- [About this task] Print the data exactly. Pictures stay out.

- [Data]
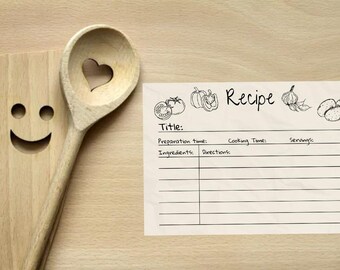May include: A blank recipe card with a title, preparation time, cooking time, servings, ingredients, and directions sections. The card is decorated with drawings of vegetables and spices.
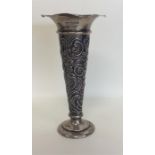 An embossed silver spill vase decorated with flowe
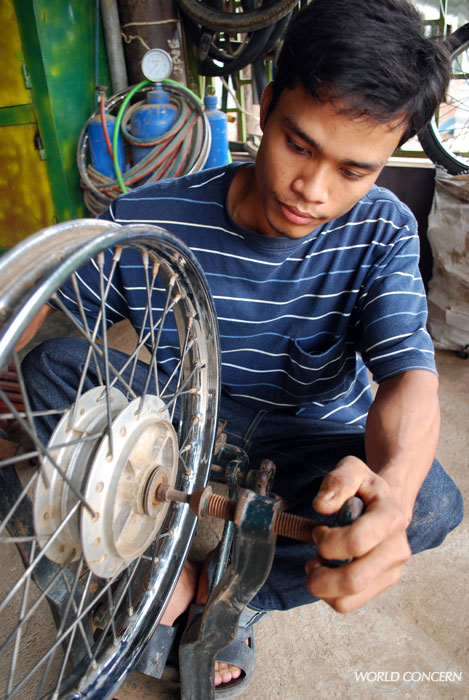 Young men learn how to repair motorbikes in Poi Pet, Cambodia, a border community at risk for Child Trafficking.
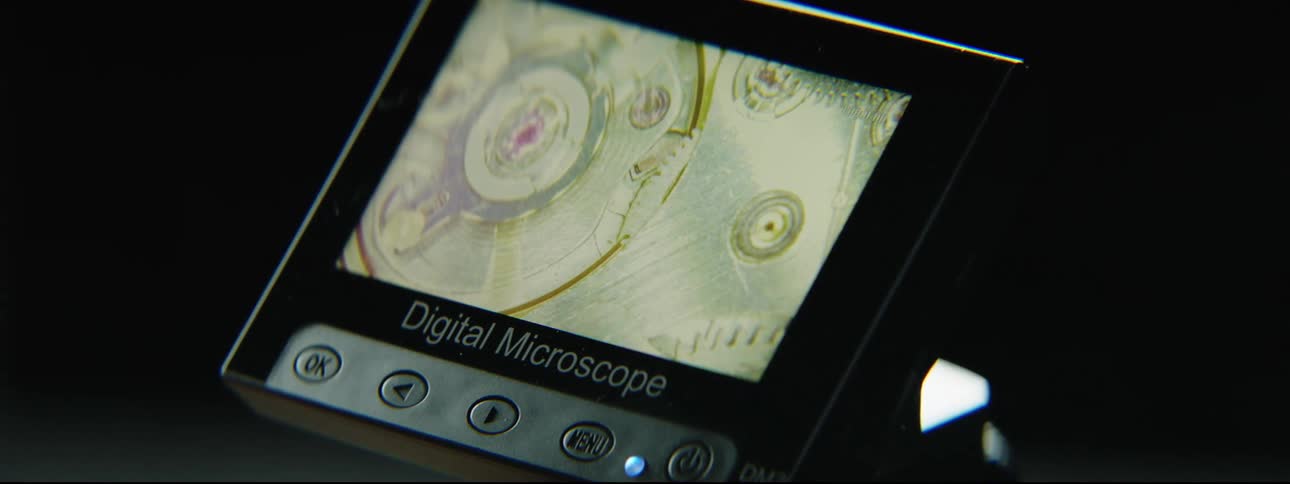 A digital microscope displays a moving and changing image on the screen
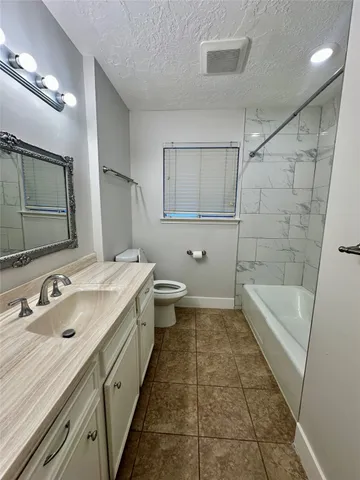 a bathroom with a sink a toilet and bathtub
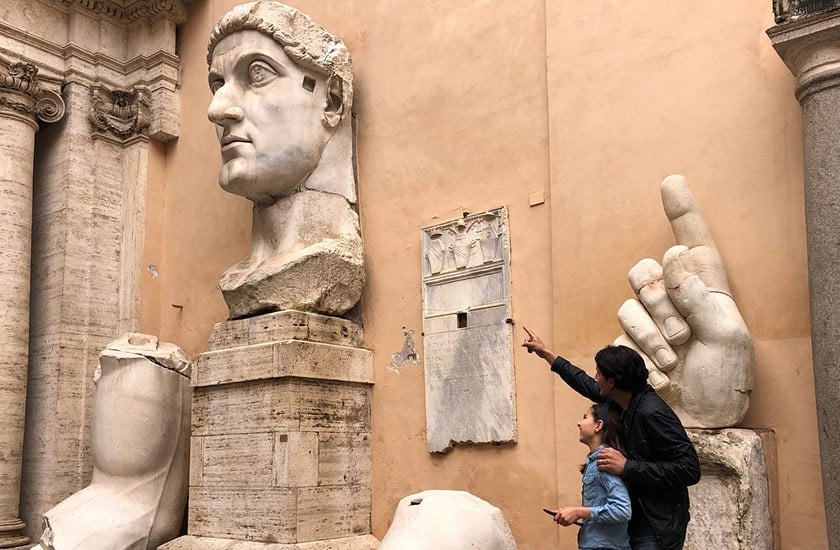 Two people look up and point at a large ancient marble head and hand sculpture displayed against a tan stone wall, with other statue fragments nearby.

- [Solution below]
May include: A blank recipe card with a title, preparation time, cooking time, servings, ingredients, and directions sections. The card is decorated with drawings of vegetables and spices.
 An embossed silver spill vase decorated with flowe
 Young men learn how to repair motorbikes in Poi Pet, Cambodia, a border community at risk for Child Trafficking.
 A digital microscope displays a moving and changing image on the screen
 a bathroom with a sink a toilet and bathtub
 Two people look up and point at a large ancient marble head and hand sculpture displayed against a tan stone wall, with other statue fragments nearby.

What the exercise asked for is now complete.